There is no place for public candour in an election campaign. Tough questions are not meant to be answered, and unpleasant truths cannot be acknowledged. They merely serve as bridges back to the candidate's canned message. The imperative to stay on message means that candidates must routinely lie. And the more self-evident the truth, the bigger the lies that they must tell.
On Saturday, when four separate polls declared the Tories to be toast, Premier Ernie Eves insisted that the polls were wrong. On Sunday, he declared: "We are not toast." On Monday, when a fifth poll predicted a resounding defeat, he claimed that an invisible silent majority of voters couldn't wait to cast ballots.
Nobody, of course, expects a losing candidate to tell the truth. In fact, it would be shocking if he did. Lying is his job. And yet, the necessary lies of a political campaign impart an extra weirdness to a ritual that's already quite surreal.
For instance, it's not just the Tories who are toast. So are Liberal Leader Dalton McGuinty's campaign promises. That list dates from last spring, when there was no official deficit and Ontario's economic prospects looked pretty good. Now it's obvious that we're deep in the hole, and that many of those promises are worthless. But will he say so? Are you kidding?

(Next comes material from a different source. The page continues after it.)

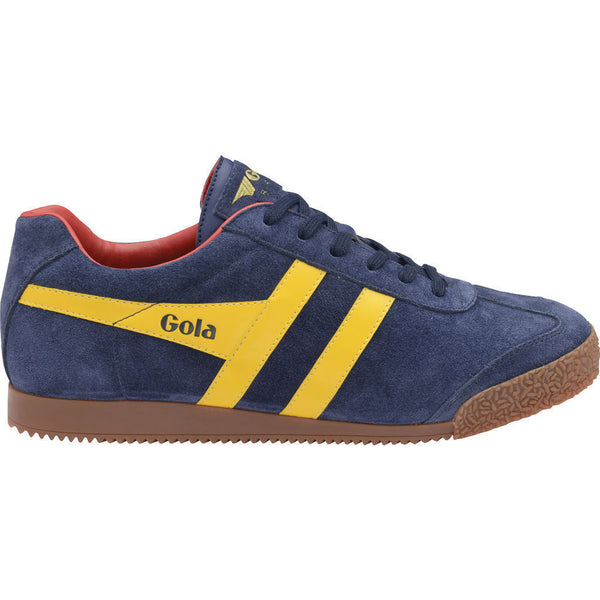 Gola Men's Harrier Suede Sneakers | Navy/Sun/Red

It's not that Mr. McGuinty is dishonest. But politics routinely forces people to say the opposite of what they know to be true. No wonder perfectly intelligent folks like Jackie tune out. She knows that most of what's said in a campaign is just gas.
The other day Mr. McGuinty came in to spend an hour with a group of Globe and Mail editors and writers. Naturally they tried to extract a fresh information nugget from him, and naturally they failed. After all, his entire job is not to get knocked off message. What's his strategy for putting together his cabinet? somebody asked. "I'm not even thinking about that," he lied.

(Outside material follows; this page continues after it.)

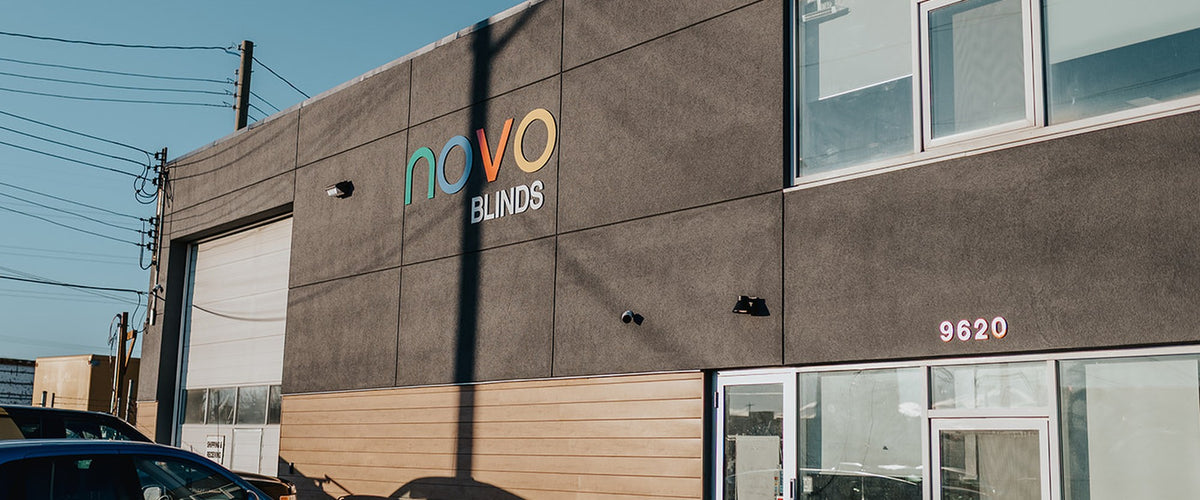 The Novo Blinds factory and showroom at 9620 62 Ave NW in Edmonton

This lie is harmless, and nobody is expected to take it at face value. (If you did, you'd have to conclude that the candidate is a total idiot.) It's the flip side of Mr. Eves's lie. It's what the script obliges him to say, and he knows we know it. It's meant to signify that he remains entirely focused on winning the election, isn't taking victory for granted, and doesn't want to sound arrogant. Still, it's ridiculous. So we were relieved when he finally said, "Sure, I've thought about it. But I'm not going to talk about it."

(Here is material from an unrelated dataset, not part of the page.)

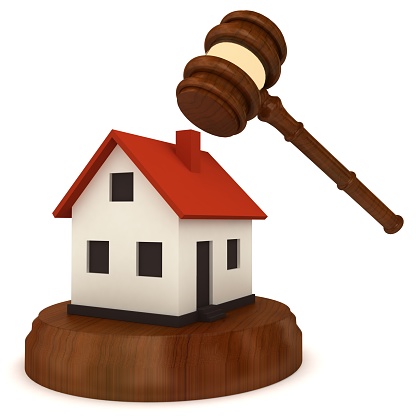 Real estate law house auction hammer gavel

Trapped on the campaign bus, you can easily observe the neurotic co-dependency between the candidates and the media. They need each other, but they're not happy about it. The journalists, desperate for some unscripted moment that might create genuine news, do their best to knock the candidate off message. Sometimes they get a tidbit -- a minor inconsistency -- and do their best to pump it up into a story. But usually they are miserable captives to the photo-op du jour.
One day on the McGuinty bus we were transported to the SkyDome, which was to be the backdrop for his latest message. The dome was closed, and the whole place was dark. The press bus rolled onto the vast concrete floor and disgorged us into the cavernous gloom. The TV crews set up their lights and cameras, and a couple of guys tossed around a football as we waited. The candidate arrived in his own bus, then mounted a temporary platform somewhere near home late. Since we already had our briefing sheets, we knew what he was going to say. He said he's going to create 50,000 new places in postsecondary schools, and there are 50,000 seats in the SkyDome, so we could see that that's a lot. The cameras got their clip, and the print people wrote it down, then we all got back on the bus.
The experts wring their hands because voter turnouts are so low. But people know that much of politics is posturing, and that politicians rarely speak their minds. Some of us know this and vote anyway, and some of us don't bother. Jackie figures she's got better things to do than concern herself with political theatre of the absurd. I can't say I blame her.